Single by Kali Uchis and Peso Pluma

from the album Orquídeas
- Language: English-Spanish
- Released: February 1, 2024
- Recorded: 2022
- Genre: Synth-pop; dance-pop; disco;
- Length: 4:20 2:58 (radio edit)
- Label: Geffen; Universal;
- Songwriters: Karly-Marina Loaiza; Carter Lang; Dylan Wiggins; Manuel Lorente;
- Producers: Carter Lang; Dylan Wiggins; Austen Jux-Chandler; Jean Rodríguez;

Kali Uchis singles chronology
| "Labios Mordidos" (2023) | "Igual que un Ángel" (2024) | "Never Be Yours" (2024) |

Peso Pluma singles chronology
| "La Intención" (2024) | "Igual que un Ángel" (2024) | "A Tu Manera" (2024) |

Music video
- "Igual que un Ángel" on YouTube

= Igual que un Ángel =

2024 single by Kali Uchis and Peso Pluma

"Igual que un Ángel" (/es/, ) is a song by the American singer Kali Uchis and the Mexican musician Peso Pluma, from Uchis' fourth studio album, Orquídeas (2024).

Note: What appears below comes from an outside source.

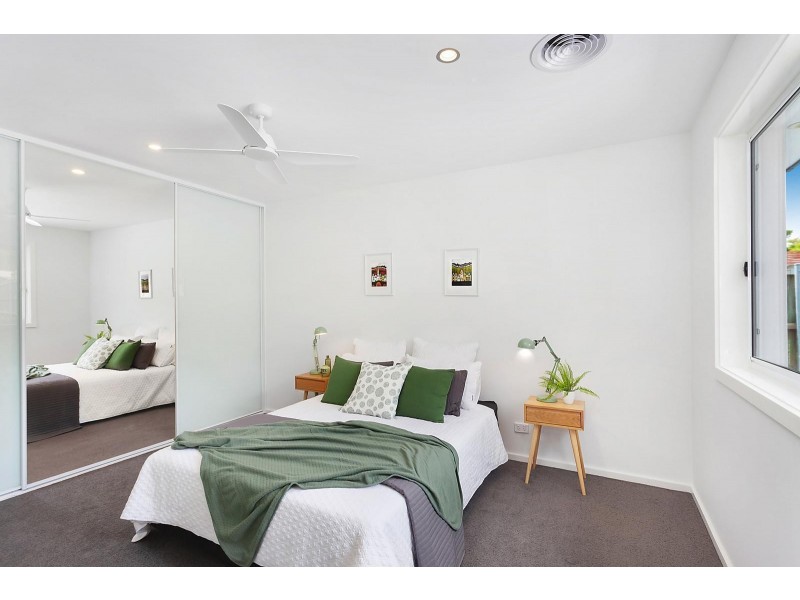 41B Enderby Street, Mawson ACT 2607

Originally released as a track from the album through Geffen Records, it was sent to Italian radio airplay through Universal Music Group on February 1, 2024, as the album's fourth single. The song was written by Uchis with Manuel Lorente, and its producers Carter Lang and Dylan Wiggins, with Austen-Jux Chandler and Jean Rodríguez receiving production credits.

==Background==
Kali Uchis sent "Igual que un Ángel" and another song from Orquídeas, "Te Mata" to Peso Pluma, but did not expect him to record his verse on the songs. Uchis found out that Pluma loved "Igual que un Ángel", and they later worked on the song.

== Accolades ==

Awards and nominations for Igual que un Ángel
| Organization | Year | Category | Result | Ref. |
| Latin Grammy Awards | 2024 | Best Pop Song | Nominated |  |
| Record of the Year | Nominated |

==Commercial performance==
Following the album's release, "Igual que un Ángel" debuted atop the Billboard US Hot Latin Songs chart, having received a total of 13.4 million streams in the United States, and was the second song from Orquídeas overall, after "Labios Mordidos", to enter the US Billboard Hot 100, debuting at number 23, while Labios Mordidos entered the chart at number 97. The song peaked at number 9 on the Billboard Global 200, and peaked at number 10 on the chart's version excluding the U.S.

==Music video==
A music video directed by Jason Lester was released on January 17, 2024. It depicts a visibly pregnant Kali Uchis performing the song with a full band in a retro lit modernist house while Peso Pluma performs in a neon-soaked stairwell.

==Charts==

===Weekly charts===

Weekly chart performance for "Igual que un Ángel"
| Chart (2024) | Peak position |
|---|---|
| Bolivia (Billboard) | 20 |
| Ecuador (Billboard) | 15 |
| Global 200 (Billboard) | 9 |
| Mexico (Billboard) | 3 |
| New Zealand Hot Singles (RMNZ) | 21 |
| Peru (Billboard) | 12 |
| US Billboard Hot 100 | 22 |
| US Hot Latin Songs (Billboard) | 1 |
| US Latin Airplay (Billboard) | 1 |
| US Latin Pop Airplay (Billboard) | 1 |
| US Rhythmic Airplay (Billboard) | 35 |

===Year-end charts===

Year-end chart performance for "Igual que un Ángel"
| Chart (2024) | Position |
|---|---|
| US Hot Latin Songs (Billboard) | 13 |

== Certifications ==

Certifications for "Igual que un Ángel"
| Region | Certification | Certified units/sales |
| Brazil (Pro-Música Brasil) | Platinum | 40,000^{‡} |
| Mexico (AMPROFON) | Diamond+2× Platinum+Gold | 1,050,000^{‡} |
| United States (RIAA) | Platinum | 1,000,000^{‡} |
Streaming
| Central America (CFC) | Platinum | 7,000,000^{†} |
^{‡} Sales+streaming figures based on certification alone. ^{†} Streaming-only figures based on certification alone.